Try treating us like equal human beings and perhaps we will fall back into the service you desire.
“If a young man gets married, starts a family, and spends the rest of his life working at a soul-destroying job, he is held up as an example of virtue and responsibility. The other type of man, living only for himself, working only for himself, doing first one thing and then another simply because he enjoys it and because he has to keep only himself, sleeping where and when he wants, and facing woman when he meets her, on equal terms and not as one of a million slaves, is rejected by society. The free, unshackled man has no place in its midst.”

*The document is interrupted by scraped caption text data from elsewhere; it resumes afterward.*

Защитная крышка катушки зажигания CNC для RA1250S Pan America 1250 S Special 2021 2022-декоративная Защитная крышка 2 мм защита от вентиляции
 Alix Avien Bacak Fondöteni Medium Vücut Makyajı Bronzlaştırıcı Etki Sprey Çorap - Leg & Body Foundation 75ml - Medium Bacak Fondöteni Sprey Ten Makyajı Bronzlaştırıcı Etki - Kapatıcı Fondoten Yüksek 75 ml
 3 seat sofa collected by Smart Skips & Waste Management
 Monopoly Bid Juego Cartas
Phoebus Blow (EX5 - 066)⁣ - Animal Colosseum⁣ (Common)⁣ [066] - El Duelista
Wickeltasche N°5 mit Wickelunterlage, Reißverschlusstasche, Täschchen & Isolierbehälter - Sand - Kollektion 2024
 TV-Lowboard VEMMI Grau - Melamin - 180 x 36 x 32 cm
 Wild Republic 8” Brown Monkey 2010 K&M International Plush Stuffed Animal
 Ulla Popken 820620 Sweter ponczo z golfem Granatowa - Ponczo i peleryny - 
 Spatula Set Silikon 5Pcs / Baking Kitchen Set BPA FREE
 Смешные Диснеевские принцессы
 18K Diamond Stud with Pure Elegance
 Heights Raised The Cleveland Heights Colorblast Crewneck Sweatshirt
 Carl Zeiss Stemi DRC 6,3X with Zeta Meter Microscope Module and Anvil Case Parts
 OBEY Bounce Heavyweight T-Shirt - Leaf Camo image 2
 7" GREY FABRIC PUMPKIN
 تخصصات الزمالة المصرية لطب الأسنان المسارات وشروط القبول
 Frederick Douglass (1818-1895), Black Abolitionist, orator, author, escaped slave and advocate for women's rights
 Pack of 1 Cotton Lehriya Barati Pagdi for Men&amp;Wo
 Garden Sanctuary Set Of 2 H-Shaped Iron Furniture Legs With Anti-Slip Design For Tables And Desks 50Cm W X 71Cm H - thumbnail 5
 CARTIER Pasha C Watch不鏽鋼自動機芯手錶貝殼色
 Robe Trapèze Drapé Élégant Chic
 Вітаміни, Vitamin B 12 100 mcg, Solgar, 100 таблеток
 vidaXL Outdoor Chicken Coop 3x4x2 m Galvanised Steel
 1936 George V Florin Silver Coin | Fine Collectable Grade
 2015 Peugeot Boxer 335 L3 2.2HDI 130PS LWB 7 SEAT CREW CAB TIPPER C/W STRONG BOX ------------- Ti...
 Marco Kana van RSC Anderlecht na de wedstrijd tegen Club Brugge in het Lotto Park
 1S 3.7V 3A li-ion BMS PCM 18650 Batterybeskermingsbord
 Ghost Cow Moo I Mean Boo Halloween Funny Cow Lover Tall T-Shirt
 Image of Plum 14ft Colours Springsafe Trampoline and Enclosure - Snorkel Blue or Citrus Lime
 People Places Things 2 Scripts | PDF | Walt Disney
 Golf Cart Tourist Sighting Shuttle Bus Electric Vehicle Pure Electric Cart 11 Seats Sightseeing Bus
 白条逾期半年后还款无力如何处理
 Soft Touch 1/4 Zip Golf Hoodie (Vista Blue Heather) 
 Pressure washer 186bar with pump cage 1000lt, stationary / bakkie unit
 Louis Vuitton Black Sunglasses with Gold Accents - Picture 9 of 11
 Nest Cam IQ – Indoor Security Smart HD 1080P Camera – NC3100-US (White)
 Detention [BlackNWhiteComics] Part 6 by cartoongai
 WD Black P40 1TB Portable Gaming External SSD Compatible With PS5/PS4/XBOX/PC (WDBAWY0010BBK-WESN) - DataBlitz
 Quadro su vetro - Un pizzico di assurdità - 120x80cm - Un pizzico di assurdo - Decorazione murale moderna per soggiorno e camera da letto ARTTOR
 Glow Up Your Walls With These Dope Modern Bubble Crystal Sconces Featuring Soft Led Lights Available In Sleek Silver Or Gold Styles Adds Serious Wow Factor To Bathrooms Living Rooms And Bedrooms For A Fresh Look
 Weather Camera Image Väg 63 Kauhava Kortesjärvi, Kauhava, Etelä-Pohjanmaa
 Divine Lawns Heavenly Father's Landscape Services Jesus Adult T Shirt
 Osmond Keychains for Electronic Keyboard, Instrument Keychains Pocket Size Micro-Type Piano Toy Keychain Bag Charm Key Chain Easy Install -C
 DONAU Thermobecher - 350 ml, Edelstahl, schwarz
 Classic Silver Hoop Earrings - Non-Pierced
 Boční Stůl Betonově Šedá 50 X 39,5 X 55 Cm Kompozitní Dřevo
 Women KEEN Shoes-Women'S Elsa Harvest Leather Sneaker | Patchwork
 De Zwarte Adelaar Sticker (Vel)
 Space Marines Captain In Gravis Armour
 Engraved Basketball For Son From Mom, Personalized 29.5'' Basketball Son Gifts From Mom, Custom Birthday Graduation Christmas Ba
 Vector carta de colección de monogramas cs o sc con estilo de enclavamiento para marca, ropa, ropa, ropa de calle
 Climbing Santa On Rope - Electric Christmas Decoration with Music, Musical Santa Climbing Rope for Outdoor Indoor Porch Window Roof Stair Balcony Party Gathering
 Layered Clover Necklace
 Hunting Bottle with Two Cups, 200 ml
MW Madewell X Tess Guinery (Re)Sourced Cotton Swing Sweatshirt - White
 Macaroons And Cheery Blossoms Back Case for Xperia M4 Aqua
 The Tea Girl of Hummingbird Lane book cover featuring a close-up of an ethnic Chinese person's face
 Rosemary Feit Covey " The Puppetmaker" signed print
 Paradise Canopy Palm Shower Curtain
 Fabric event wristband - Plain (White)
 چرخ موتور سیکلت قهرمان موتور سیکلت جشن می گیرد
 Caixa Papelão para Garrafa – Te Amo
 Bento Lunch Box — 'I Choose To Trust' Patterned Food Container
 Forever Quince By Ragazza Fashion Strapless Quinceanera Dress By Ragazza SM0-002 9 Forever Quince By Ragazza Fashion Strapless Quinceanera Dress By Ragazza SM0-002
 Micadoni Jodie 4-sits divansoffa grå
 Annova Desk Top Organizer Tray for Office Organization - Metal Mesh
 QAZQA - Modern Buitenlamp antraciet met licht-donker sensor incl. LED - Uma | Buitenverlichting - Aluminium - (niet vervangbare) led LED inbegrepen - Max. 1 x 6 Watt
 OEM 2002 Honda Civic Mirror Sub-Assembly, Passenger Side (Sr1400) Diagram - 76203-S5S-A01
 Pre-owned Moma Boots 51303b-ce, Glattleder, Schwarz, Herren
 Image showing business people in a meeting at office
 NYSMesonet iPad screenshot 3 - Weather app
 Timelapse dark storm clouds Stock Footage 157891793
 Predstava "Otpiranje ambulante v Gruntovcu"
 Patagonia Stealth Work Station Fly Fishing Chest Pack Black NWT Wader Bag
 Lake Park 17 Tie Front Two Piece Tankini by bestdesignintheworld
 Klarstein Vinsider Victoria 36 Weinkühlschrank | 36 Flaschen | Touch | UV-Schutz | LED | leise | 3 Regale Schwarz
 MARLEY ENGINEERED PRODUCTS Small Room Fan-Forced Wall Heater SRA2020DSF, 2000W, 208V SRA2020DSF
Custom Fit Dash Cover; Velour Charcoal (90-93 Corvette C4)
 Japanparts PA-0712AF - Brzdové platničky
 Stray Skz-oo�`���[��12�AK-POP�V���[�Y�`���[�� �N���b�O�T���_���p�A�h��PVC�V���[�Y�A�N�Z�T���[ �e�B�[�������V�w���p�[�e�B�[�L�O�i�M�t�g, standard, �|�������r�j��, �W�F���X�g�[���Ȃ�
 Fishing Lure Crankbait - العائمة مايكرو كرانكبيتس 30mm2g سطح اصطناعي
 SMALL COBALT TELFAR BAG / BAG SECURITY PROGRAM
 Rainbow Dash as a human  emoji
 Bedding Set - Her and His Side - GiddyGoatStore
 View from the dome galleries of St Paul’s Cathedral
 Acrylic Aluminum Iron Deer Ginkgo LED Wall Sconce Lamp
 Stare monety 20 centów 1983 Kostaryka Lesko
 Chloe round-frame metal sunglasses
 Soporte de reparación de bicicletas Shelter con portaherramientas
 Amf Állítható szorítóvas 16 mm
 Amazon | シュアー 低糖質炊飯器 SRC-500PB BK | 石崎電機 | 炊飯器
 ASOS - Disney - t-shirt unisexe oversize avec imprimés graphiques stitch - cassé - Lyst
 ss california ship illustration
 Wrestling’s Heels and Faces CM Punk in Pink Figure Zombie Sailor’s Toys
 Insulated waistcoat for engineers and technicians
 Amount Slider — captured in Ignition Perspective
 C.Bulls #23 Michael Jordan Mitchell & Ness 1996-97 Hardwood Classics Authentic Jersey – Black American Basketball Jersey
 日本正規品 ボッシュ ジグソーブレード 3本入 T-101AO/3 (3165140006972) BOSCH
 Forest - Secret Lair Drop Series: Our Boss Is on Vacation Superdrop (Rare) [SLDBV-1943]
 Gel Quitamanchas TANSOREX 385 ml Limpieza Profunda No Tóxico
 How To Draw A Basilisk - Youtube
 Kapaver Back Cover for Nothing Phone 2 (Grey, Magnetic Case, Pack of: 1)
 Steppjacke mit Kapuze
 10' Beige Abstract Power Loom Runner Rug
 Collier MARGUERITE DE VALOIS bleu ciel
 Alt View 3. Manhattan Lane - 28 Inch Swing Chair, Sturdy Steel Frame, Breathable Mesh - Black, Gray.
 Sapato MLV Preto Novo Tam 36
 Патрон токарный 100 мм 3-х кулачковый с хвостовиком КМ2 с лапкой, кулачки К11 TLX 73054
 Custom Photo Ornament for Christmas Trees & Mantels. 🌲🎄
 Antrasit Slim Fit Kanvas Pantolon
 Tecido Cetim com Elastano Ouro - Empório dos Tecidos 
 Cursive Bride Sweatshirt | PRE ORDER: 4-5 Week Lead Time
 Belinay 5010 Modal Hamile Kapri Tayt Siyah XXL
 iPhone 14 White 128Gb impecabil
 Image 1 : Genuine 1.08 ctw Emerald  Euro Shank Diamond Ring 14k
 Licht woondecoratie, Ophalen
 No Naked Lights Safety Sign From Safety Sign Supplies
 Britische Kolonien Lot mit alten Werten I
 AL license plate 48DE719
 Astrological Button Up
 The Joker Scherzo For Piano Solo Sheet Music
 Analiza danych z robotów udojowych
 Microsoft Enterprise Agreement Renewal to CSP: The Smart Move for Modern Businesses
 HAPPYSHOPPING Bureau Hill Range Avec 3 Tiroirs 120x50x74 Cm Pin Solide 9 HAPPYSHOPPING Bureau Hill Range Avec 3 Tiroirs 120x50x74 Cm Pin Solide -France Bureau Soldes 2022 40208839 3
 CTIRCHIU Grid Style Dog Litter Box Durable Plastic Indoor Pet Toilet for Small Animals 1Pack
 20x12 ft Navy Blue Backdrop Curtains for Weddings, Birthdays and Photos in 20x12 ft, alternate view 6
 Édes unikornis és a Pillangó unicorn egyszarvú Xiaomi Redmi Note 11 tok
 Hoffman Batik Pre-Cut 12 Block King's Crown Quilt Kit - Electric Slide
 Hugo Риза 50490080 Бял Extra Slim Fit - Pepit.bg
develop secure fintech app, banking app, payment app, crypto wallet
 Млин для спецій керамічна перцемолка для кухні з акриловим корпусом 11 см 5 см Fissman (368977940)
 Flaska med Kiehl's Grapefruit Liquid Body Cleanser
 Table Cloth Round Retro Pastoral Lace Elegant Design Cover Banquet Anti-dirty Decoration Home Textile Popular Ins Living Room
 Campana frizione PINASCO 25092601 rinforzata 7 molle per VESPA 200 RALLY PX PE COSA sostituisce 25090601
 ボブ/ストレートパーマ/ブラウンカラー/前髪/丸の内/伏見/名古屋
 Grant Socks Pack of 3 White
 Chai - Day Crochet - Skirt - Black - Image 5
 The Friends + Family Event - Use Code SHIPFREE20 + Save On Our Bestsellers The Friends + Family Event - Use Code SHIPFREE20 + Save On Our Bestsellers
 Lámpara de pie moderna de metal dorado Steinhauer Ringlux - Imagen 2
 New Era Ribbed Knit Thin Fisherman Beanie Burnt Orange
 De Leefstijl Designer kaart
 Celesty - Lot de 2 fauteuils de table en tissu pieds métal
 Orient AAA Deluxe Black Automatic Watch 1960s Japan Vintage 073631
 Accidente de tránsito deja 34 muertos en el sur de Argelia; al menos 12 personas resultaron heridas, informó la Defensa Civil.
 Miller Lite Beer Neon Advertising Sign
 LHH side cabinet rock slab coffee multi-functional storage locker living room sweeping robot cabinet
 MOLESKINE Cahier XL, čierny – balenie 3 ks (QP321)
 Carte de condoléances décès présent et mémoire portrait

Esther Vilar, The Manipulated Man
I think it really depends if you are speaking about job opportunities or being the head of the household because roles are definitely on the brink of shifting.
Amber Johnson, Author, http://assistanceforsinglemothers.com/
Well, I’m really pissed. I just spent 20 minutes writting a response and the page reloaded and I lost it :@.
) but I find there is alot of feminist theories out there that are simply outrageous and I find myself arguing and problematizing them constantly.I’m not putting down all feminist theory, by all means no, I find myself agreeing on most aspects on the libertarian feminist front, but throughout my studies I’ve realized this; if women have been constantly uncomfortable or have felt restricted by gender stereotypes, who’s to say men haven’t? I’ve noticed in most feminist litterature that they group men as whole, having all-encompassing universal traits. It’s false, and horribly denigrating.
ANYWAYS, I’ll shorten it this time around. I just want to say THANK YOU for this article Lisa. I’m currently in university majoring in Anthropology with a minor in Women’s Studies, however I’m thinking of switching out of my minor and going to into Gender Studies for exactly the reason you described in your article. I’ve called my self a feminist for quite some time now. I’m what you’d describe as a physiological “feminine” female, but psychologically am not. And that is the precise reason I turned to feminism in the first place. I was tired of people making assumptions about me based on my assumptions (As a kid/teen I’d always get the “you’re too pretty to play hockey/videogames/soccer” crap) so I turned to feminism hoping to make sense of our society, to debunk gendered stereotypes and to prove to myself that I’m normal the way I am. I’m a true believer in equality. Maybe it’s because my dad is my bestfriend (and the only one who encouraged my tomboy attributes) or maybe it’s because I’m married to the greatest man ( or human
Anyways, I’m sending this article to a classmate of mine with whom I’m constantly arguing that men have struggled and are struggling. Sure, the struggle is different, but just as harmful.